### DATA

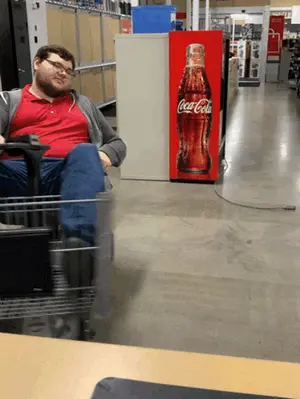 A Man Sits In A Shopping Cart In Front Of A Coca Cola Fridge
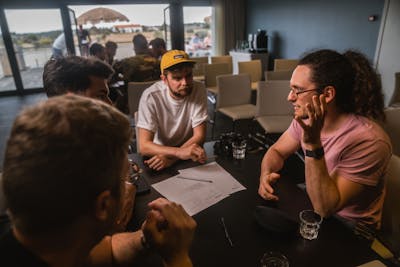 Four men sitting at a table discussing something. In the background another group of people sitting at a table and discussing something.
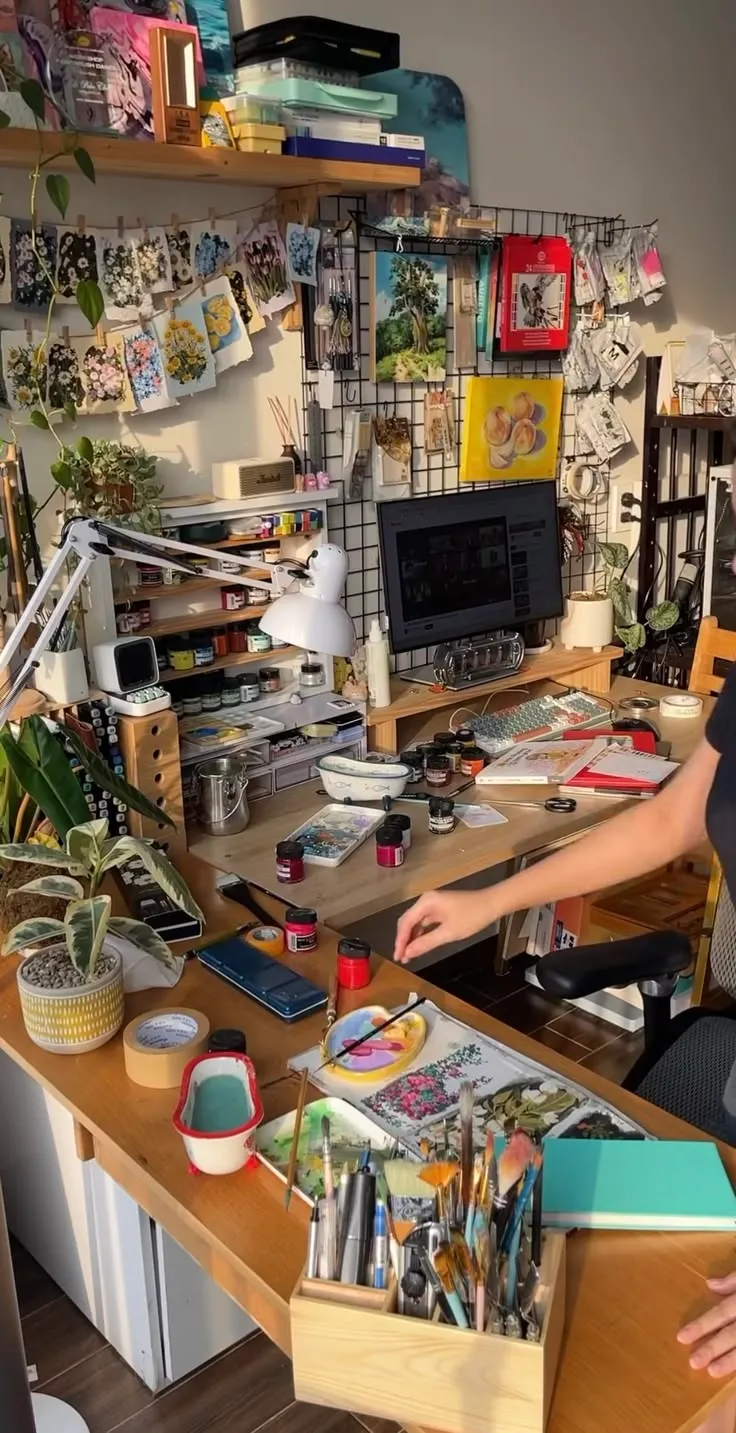 Art workspace with paints, brushes, botanical paintings, and a computer monitor on a wooden desk.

######

YOUR INSTRUCTIONS
Copy exactly the lines from the line holding "Four men sitting" to the final line of the listing, and leave the pictures out.

WRITTEN RESPONSE
 Four men sitting at a table discussing something. In the background another group of people sitting at a table and discussing something.
 Art workspace with paints, brushes, botanical paintings, and a computer monitor on a wooden desk.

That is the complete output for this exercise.